Review: The Photography of Seung Jae Kim Captures Dramatic Views of Forests

Black-and-white photography has often been viewed as a powerful way to depict landscapes and nature. Unlike color photography, monochrome images can better emphasize the interplay of light and shadow, texture, and contrast, thereby creating dramatic and thought-provoking scenes. 

The current exhibition—Misread Affinity—at the Evanston Art Center features the monochromatic photographs by Seung Jae Kim.  On display are photos of various forests in the Midwest that are infused with emotional resonance, adding depth and complexity to the subject matter. 

Viewers are easily drawn into many of the photos because of the vibrant details—the texture of bark on a tree, the rambling network of branches spreading across the sky, and the wild growth of bush and field grass. All the photos were taken in what seems to be the autumn season because the trees are devoid of leaves, which gives the viewer the opportunity to appreciate the bare essence of trees.

Seung Jae Kim_Bones Placed in Field
Seung Jae Kim, “Bones Placed in Field of Straws, Ice Age Trails, Kewaskum, WI,” 2017. Archival pigment print on cotton based paper. Photo courtesy of the artist.

Kim’s photos touch the viewer on a visceral level—evoking various emotions within us. The first emotion that comes to mind is fear because there is an ominous quality in some of his photos.
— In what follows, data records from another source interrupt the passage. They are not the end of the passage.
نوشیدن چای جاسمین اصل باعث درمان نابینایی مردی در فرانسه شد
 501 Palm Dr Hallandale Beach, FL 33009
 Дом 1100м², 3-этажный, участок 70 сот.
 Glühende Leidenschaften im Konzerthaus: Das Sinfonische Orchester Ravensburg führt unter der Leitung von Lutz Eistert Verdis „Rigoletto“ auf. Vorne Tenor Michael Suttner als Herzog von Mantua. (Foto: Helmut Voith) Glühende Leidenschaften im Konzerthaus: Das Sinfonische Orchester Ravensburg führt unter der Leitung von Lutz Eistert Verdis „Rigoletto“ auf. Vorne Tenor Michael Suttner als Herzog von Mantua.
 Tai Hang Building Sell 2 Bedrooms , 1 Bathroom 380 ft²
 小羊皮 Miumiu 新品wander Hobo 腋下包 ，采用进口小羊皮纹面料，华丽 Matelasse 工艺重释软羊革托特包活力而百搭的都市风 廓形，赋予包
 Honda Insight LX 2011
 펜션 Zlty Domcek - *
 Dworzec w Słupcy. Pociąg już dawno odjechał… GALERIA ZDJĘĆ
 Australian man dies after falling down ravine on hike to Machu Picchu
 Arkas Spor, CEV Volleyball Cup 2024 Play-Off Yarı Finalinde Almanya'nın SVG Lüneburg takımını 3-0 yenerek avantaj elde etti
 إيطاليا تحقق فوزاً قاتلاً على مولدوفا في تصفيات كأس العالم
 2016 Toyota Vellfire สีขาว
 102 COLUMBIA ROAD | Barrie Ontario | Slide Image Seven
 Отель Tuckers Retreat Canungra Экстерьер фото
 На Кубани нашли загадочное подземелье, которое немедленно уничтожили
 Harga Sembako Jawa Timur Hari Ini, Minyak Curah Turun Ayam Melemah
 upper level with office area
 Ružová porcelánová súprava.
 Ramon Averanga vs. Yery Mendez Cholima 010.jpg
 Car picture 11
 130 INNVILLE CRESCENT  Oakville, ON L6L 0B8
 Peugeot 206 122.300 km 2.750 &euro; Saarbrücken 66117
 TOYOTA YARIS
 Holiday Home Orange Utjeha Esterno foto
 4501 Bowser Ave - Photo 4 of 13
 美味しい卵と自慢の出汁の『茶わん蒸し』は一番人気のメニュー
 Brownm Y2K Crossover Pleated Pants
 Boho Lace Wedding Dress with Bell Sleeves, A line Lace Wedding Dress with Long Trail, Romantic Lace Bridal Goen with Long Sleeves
Kim is a master at creating moods in how he captures light and shadow. The dark shadows in his photos create a sense of unease, a sense of foreboding. Perhaps this is because we have a primal fear (buried deep within our DNA) that a dark forest is a place where danger lurks. Or maybe it’s not that complicated—maybe our fear of dark forests is due to seeing too many horror films. A good example of this is the photo — Bones Placed in Field of Straws, Ice Age Trails, Kewaskum, WI — where we see a group of bones in a small opening of tall grass. Another good example is Light on Passage Just Before Dusk, Indiana Dunes, IN where this forest scene reminds us of a setting in a Gothic novel.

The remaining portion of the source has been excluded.